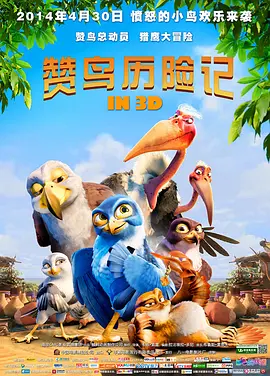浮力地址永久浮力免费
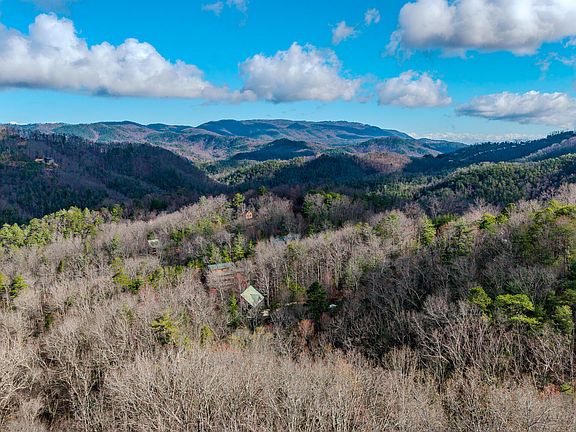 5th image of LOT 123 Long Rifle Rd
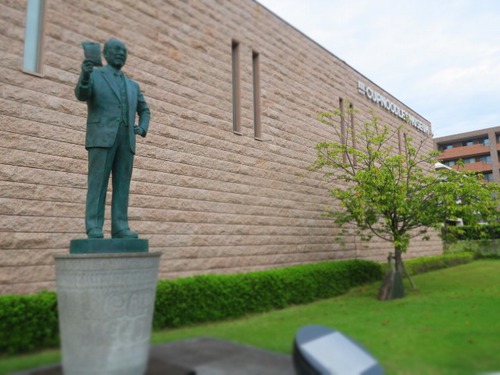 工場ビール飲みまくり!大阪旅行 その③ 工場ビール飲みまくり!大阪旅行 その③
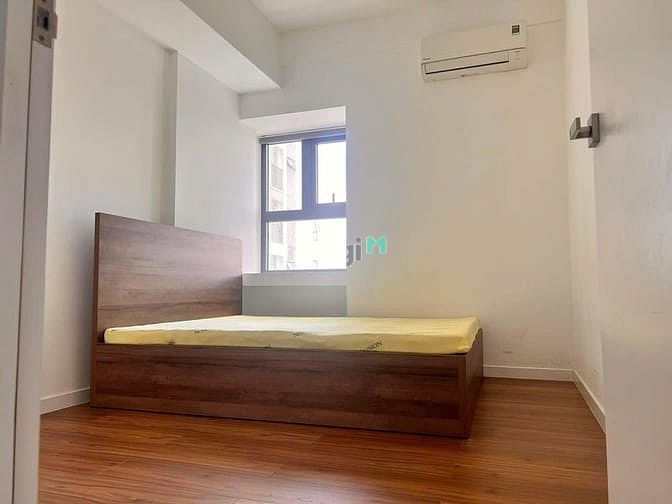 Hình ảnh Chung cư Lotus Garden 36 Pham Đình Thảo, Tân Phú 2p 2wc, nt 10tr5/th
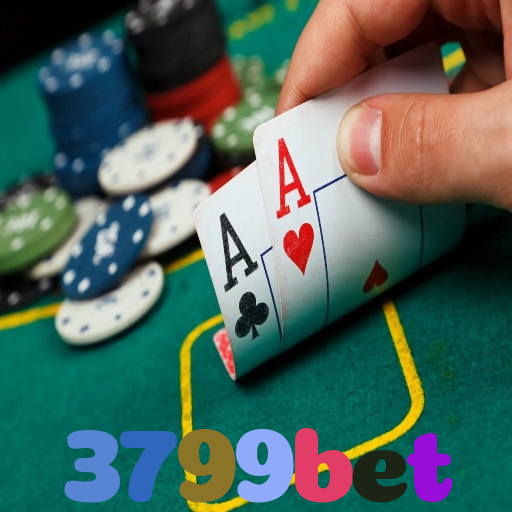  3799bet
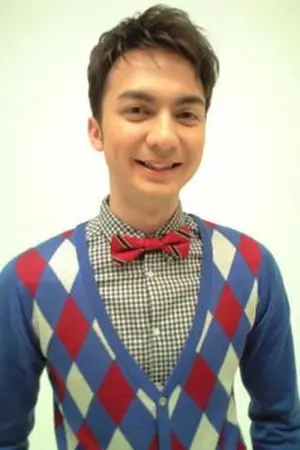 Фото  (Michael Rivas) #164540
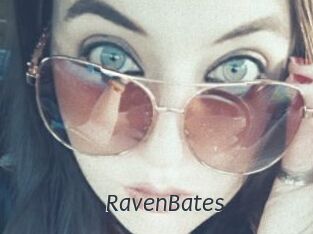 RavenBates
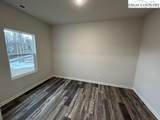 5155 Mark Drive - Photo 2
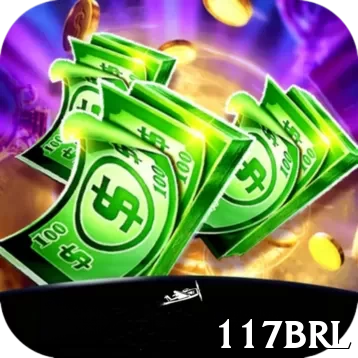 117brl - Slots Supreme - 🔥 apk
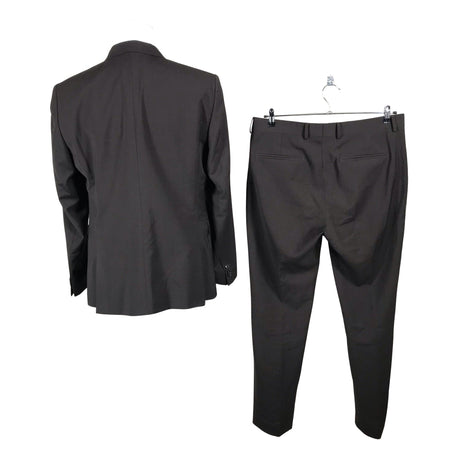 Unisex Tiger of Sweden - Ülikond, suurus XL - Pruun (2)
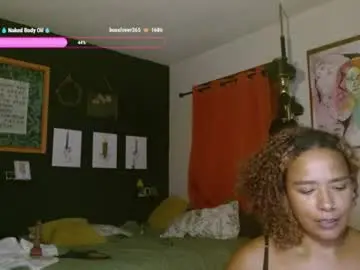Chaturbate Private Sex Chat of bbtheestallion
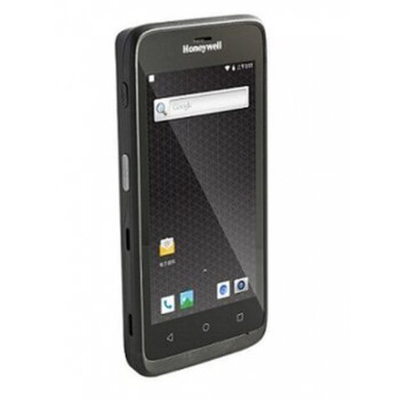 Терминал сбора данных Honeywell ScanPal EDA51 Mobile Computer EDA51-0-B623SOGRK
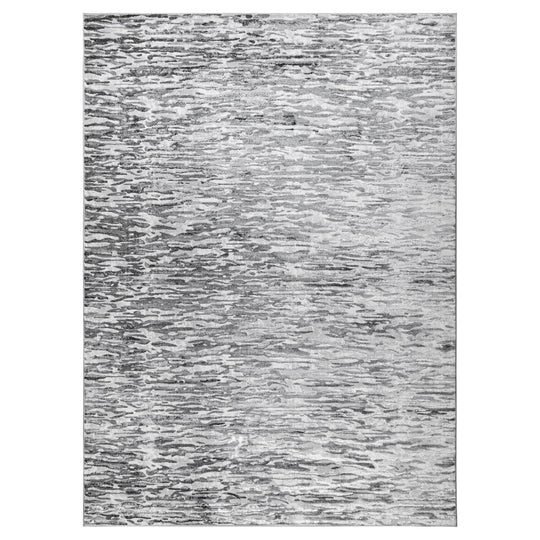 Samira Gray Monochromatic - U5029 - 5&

Task objective:
Print nothing except the lines from the one with "5th image of LOT 123 Long Rifle Rd" through the last line of the listing, exactly as written and with pictures removed.

Task output:
 5th image of LOT 123 Long Rifle Rd
 工場ビール飲みまくり!大阪旅行 その③ 工場ビール飲みまくり!大阪旅行 その③
 Hình ảnh Chung cư Lotus Garden 36 Pham Đình Thảo, Tân Phú 2p 2wc, nt 10tr5/th
  3799bet
 Фото  (Michael Rivas) #164540
 RavenBates
 5155 Mark Drive - Photo 2
 117brl - Slots Supreme - 🔥 apk
 Unisex Tiger of Sweden - Ülikond, suurus XL - Pruun (2)
Chaturbate Private Sex Chat of bbtheestallion
 Терминал сбора данных Honeywell ScanPal EDA51 Mobile Computer EDA51-0-B623SOGRK
 Samira Gray Monochromatic - U5029 - 5&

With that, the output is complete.